A few days ago I started getting attacked by Trackback spam.
You know, I’ve gotten used to spam in many forms… I’ve been getting junk mail since the mid-1990s, and even good junk mail filters don’t quite get everything out of my mailbox. I’m relatively unsurprised, though still annoyed, by most email spam.
When I started my blog, I didn’t quite realize that I was opening the door to additional types of spam.
Early on I started noticing “referrer spam”, which basically attempts to exploit administrative curiosity about who is sending visitors to your site, producing clickthroughs to sites which are actually scams for debt reduction or body part enhancement or whatever. With the aid of a slightly jaded eye, I can pretty much identify most of these referrer spams right off the bat and I almost never get suckered into visiting such sites.
But later I started facing “comment spam”, which were created by automated scripts. The motivation would appear to be to get users to click on such spam messages, but for the most part the spammers target older messages that only get sporadic reading, and so it turns out that what they were really trying to do was exploit Google PageRank algorithms to get people to go to pay-per-click or pay-per-lead sites. Basically, the more links to a particular site, the more highly ranked it will likely be for a particular keyword, and people searching for gambling or pornography or various misspelled male impotence drugs are more likely to find some spammer’s site and he’ll get a few cents for each clickthrough; well worth the effort of distributed spamming of thousands of blogs.
I got rid of almost all comment spam by implementing a slightly finicky Human Interface Proof technology on my blog (if you mistype the HIP text the comment goes to a bit bucket). So that disappeared, and, with a few small probably manually plotted exceptions, very little comment spam appears.
I still get referral spam, and this will likely never go away, even though it doesn’t really help the spammer much.

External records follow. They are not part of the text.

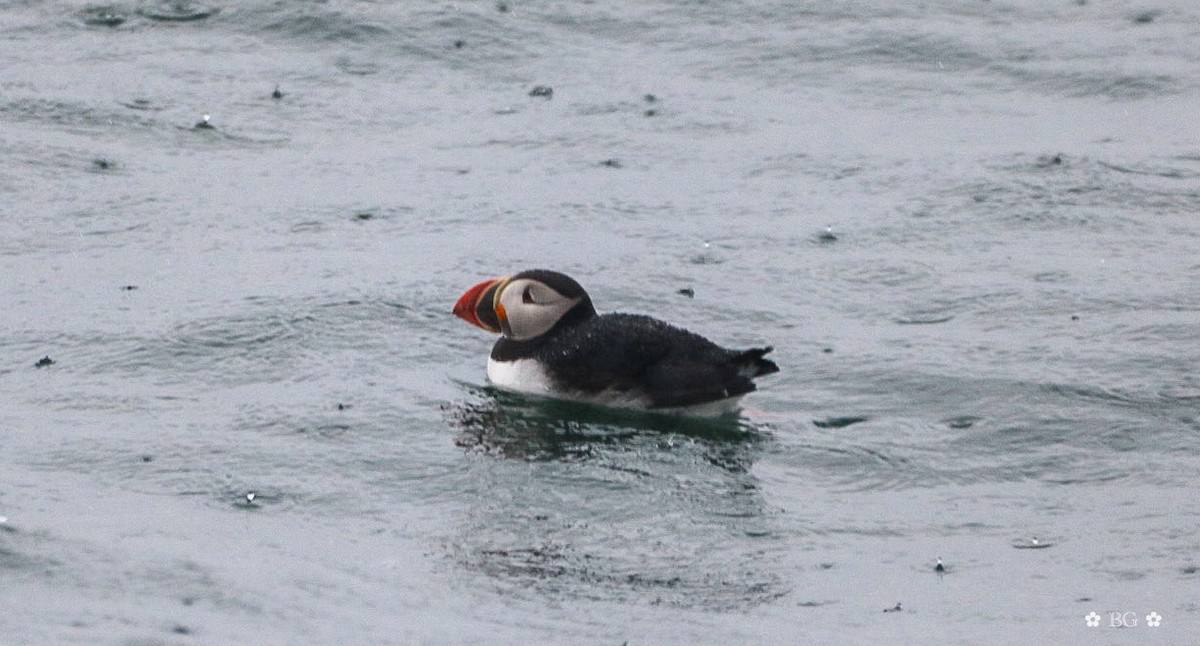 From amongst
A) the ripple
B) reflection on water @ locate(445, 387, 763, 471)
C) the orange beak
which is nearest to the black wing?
reflection on water @ locate(445, 387, 763, 471)

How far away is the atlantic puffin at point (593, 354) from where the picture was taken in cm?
884

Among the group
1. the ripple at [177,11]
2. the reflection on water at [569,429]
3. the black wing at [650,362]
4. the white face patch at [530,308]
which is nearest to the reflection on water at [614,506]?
the reflection on water at [569,429]

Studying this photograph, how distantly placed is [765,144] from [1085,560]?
23.5ft

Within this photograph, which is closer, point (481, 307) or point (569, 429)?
point (569, 429)

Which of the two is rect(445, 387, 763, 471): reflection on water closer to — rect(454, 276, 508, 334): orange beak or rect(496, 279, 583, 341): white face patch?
rect(496, 279, 583, 341): white face patch

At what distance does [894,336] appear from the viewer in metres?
10.2

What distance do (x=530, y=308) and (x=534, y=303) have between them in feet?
0.10

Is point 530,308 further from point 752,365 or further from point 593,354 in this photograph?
point 752,365

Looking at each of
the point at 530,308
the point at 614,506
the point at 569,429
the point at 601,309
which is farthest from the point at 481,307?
the point at 614,506

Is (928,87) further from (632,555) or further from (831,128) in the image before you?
(632,555)

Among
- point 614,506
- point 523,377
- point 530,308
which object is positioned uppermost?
point 530,308

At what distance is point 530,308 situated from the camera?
9500 millimetres

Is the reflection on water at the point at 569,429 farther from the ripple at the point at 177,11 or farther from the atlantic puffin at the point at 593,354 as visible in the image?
the ripple at the point at 177,11

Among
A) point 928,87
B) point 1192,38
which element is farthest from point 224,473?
point 1192,38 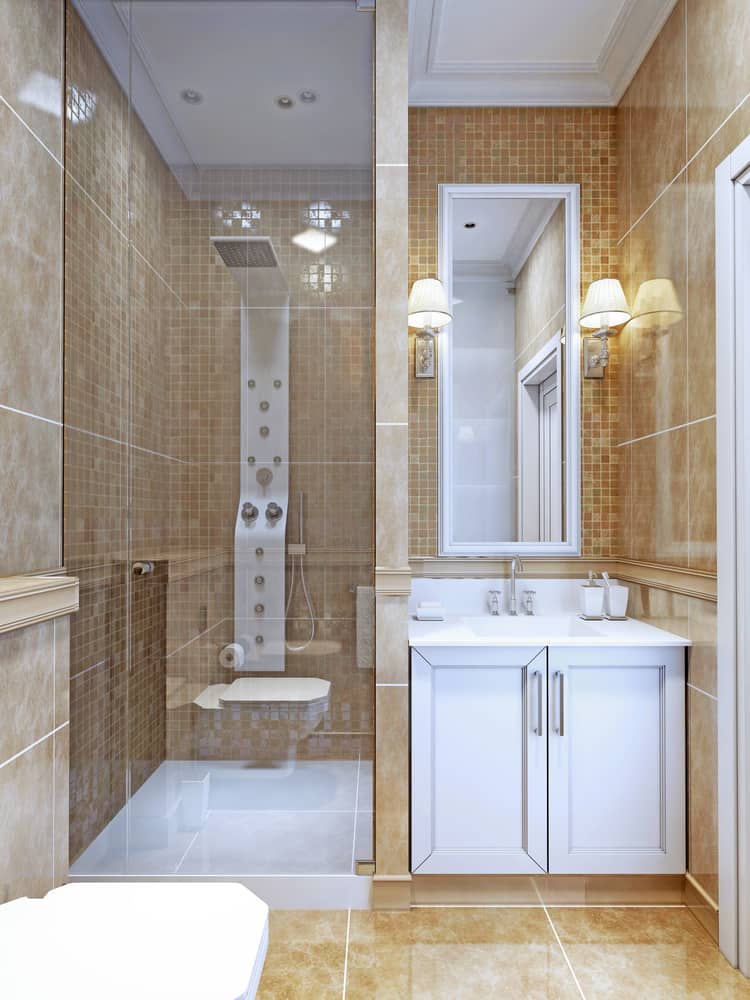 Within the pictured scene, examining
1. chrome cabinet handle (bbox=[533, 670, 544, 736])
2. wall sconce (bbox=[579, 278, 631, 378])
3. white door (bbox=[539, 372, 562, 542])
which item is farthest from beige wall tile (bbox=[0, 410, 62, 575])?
wall sconce (bbox=[579, 278, 631, 378])

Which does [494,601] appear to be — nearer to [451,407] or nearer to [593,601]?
[593,601]

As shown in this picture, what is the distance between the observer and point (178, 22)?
1918 mm

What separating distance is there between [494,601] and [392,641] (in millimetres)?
678

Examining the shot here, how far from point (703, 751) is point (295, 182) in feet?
6.69

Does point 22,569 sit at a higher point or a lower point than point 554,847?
higher

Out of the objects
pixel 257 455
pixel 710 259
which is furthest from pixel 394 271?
pixel 710 259

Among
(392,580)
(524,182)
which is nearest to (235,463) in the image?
(392,580)

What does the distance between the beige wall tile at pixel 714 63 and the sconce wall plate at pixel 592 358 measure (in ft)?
2.38

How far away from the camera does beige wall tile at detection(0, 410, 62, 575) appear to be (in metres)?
1.54

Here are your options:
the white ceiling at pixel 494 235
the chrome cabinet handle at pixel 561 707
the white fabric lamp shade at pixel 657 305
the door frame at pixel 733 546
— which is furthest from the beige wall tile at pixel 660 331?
the chrome cabinet handle at pixel 561 707

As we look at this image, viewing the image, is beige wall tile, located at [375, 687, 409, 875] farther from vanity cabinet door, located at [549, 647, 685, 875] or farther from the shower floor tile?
vanity cabinet door, located at [549, 647, 685, 875]

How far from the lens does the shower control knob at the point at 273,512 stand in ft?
6.50

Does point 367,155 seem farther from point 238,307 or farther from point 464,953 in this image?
point 464,953

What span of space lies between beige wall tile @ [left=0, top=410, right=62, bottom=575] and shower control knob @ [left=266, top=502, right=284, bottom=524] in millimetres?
567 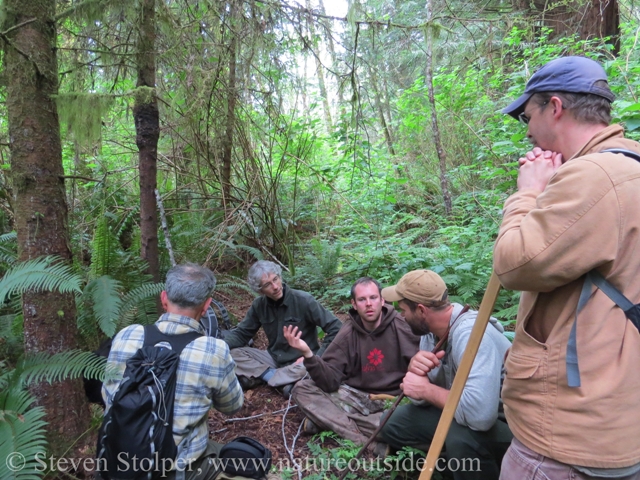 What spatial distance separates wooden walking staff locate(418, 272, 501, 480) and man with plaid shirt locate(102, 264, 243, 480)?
1.07 meters

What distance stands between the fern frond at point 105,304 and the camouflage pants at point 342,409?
61.2 inches

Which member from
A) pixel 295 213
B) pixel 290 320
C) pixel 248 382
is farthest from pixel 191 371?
pixel 295 213

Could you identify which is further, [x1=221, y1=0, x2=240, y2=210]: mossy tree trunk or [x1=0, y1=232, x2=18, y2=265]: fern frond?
[x1=221, y1=0, x2=240, y2=210]: mossy tree trunk

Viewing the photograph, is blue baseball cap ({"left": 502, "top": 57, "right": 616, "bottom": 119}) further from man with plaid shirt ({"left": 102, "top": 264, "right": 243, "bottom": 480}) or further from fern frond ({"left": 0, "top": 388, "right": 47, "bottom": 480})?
fern frond ({"left": 0, "top": 388, "right": 47, "bottom": 480})

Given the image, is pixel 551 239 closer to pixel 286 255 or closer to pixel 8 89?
pixel 8 89

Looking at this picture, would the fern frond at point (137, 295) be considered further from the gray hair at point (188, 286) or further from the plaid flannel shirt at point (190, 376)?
the plaid flannel shirt at point (190, 376)

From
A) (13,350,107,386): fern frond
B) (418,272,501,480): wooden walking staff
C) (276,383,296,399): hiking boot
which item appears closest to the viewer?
(418,272,501,480): wooden walking staff

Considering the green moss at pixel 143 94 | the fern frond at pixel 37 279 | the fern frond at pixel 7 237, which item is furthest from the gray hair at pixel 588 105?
the fern frond at pixel 7 237

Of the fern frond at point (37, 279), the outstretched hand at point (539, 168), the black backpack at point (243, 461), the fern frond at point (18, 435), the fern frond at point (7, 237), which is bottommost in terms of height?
the black backpack at point (243, 461)

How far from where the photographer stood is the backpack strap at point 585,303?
1120 mm

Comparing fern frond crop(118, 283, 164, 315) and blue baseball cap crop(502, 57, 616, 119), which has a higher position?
blue baseball cap crop(502, 57, 616, 119)

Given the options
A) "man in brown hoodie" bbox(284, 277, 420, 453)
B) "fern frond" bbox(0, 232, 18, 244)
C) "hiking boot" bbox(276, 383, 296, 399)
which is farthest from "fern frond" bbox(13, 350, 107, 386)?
"fern frond" bbox(0, 232, 18, 244)

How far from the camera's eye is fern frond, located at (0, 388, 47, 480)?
1.67 metres

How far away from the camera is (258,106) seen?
5887 millimetres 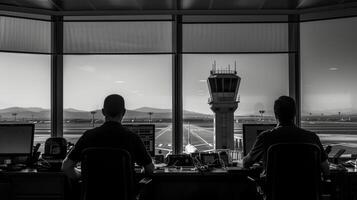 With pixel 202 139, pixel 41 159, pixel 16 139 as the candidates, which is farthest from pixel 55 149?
pixel 202 139

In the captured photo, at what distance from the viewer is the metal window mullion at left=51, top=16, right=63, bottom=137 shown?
5270 mm

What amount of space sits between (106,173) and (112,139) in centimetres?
22

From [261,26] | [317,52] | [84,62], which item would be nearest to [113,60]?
[84,62]

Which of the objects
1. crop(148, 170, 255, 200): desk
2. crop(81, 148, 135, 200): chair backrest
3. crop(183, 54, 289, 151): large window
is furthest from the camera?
crop(183, 54, 289, 151): large window

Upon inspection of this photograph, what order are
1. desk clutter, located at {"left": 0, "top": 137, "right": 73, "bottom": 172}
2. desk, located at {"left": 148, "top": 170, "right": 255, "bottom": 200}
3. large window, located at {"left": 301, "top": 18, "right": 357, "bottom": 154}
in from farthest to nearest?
1. large window, located at {"left": 301, "top": 18, "right": 357, "bottom": 154}
2. desk, located at {"left": 148, "top": 170, "right": 255, "bottom": 200}
3. desk clutter, located at {"left": 0, "top": 137, "right": 73, "bottom": 172}

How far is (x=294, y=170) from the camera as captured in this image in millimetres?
2598

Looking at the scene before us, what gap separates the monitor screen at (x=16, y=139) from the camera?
4102mm

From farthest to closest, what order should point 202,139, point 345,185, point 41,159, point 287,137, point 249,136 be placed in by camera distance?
point 202,139 → point 41,159 → point 249,136 → point 345,185 → point 287,137

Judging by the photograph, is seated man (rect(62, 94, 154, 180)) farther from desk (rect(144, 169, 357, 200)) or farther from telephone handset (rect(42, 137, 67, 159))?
telephone handset (rect(42, 137, 67, 159))

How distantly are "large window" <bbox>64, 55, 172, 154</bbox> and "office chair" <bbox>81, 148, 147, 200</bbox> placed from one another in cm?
281

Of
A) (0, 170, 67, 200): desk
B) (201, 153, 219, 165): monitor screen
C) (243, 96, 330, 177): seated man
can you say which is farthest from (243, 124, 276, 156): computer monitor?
(0, 170, 67, 200): desk

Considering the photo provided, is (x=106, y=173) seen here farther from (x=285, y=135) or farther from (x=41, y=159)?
(x=41, y=159)

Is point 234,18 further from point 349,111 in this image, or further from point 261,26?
point 349,111

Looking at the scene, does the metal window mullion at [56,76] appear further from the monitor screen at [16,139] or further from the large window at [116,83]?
the monitor screen at [16,139] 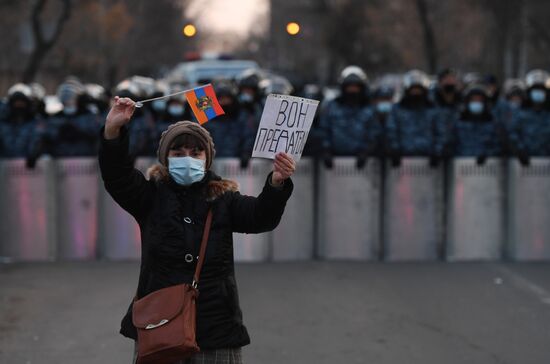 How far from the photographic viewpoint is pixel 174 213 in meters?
4.38

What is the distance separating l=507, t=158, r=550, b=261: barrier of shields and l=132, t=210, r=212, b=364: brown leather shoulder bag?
6397 mm

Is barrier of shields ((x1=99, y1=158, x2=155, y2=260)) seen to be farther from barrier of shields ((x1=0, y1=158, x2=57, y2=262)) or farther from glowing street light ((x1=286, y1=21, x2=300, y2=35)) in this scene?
glowing street light ((x1=286, y1=21, x2=300, y2=35))

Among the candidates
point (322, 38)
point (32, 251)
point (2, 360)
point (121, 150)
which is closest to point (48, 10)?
point (322, 38)

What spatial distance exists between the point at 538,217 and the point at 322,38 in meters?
38.9

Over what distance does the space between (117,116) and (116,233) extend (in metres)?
6.00

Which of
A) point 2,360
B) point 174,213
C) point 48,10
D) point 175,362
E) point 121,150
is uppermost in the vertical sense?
point 48,10

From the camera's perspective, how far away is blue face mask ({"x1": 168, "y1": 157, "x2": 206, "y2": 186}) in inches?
173

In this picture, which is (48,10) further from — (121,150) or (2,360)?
(121,150)

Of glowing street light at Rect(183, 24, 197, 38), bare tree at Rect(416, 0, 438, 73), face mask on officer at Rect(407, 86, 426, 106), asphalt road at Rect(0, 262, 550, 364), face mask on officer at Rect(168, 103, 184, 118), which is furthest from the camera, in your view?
bare tree at Rect(416, 0, 438, 73)

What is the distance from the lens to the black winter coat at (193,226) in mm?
4305

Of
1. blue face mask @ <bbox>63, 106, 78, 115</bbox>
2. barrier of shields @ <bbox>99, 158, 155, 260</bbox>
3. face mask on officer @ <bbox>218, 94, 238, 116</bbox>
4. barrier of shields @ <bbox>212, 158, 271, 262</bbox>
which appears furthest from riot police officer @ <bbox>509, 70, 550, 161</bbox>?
blue face mask @ <bbox>63, 106, 78, 115</bbox>

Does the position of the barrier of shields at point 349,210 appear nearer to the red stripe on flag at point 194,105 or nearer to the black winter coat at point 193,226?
the red stripe on flag at point 194,105

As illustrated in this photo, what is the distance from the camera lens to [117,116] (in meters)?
4.25

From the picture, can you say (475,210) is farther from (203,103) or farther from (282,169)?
(282,169) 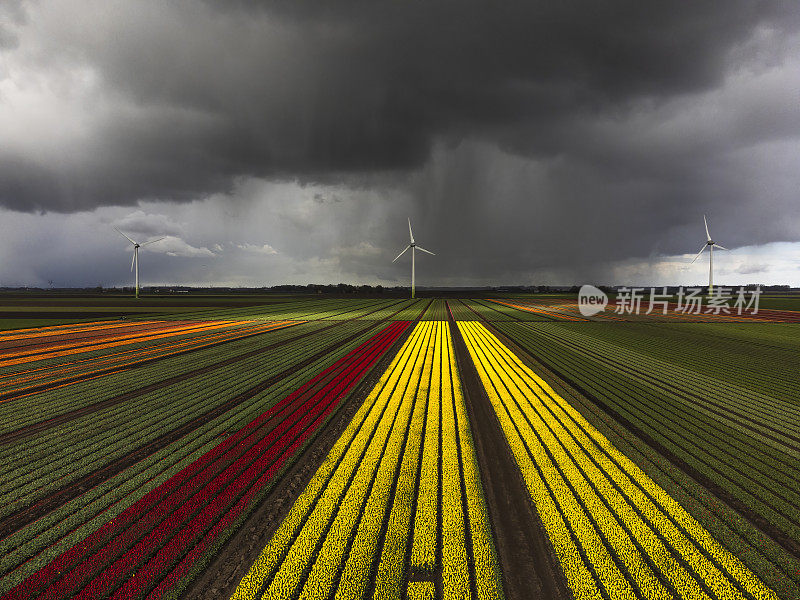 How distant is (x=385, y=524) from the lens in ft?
19.1

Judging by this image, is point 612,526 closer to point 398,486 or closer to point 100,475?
point 398,486

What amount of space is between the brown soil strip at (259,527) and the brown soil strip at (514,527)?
407 cm

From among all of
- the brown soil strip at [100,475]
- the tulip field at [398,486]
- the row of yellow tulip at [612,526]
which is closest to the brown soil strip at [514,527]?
the tulip field at [398,486]

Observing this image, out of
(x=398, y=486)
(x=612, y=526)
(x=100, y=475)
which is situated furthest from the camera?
(x=100, y=475)

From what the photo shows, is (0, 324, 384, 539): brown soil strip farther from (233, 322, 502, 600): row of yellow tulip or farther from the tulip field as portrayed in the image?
(233, 322, 502, 600): row of yellow tulip

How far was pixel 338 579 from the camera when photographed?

But more recently, I have been getting inundated by Trackback spam. A trackback is basically a ping that is sent when someone links to an article on my blog site. Most of the time, their software sends a ping request, and it magically transforms into a mini-post that looks similar to a comment on my web site. Well, spammers can exploit this also. They use it for the same purpose as comment spam, and somehow since June 7 I’ve been targeted with about 200 trackback spams. In my massive deletion of bogus trackbacks I probably deleted some legitimate ones. I may disable the display of trackbacks just to avoid the benefit to spammers… I would actually like to see who is referring to me for real, but if the order of magnitude of spam trackbacks increases I’ll not really have the energy to keep up with the deletions.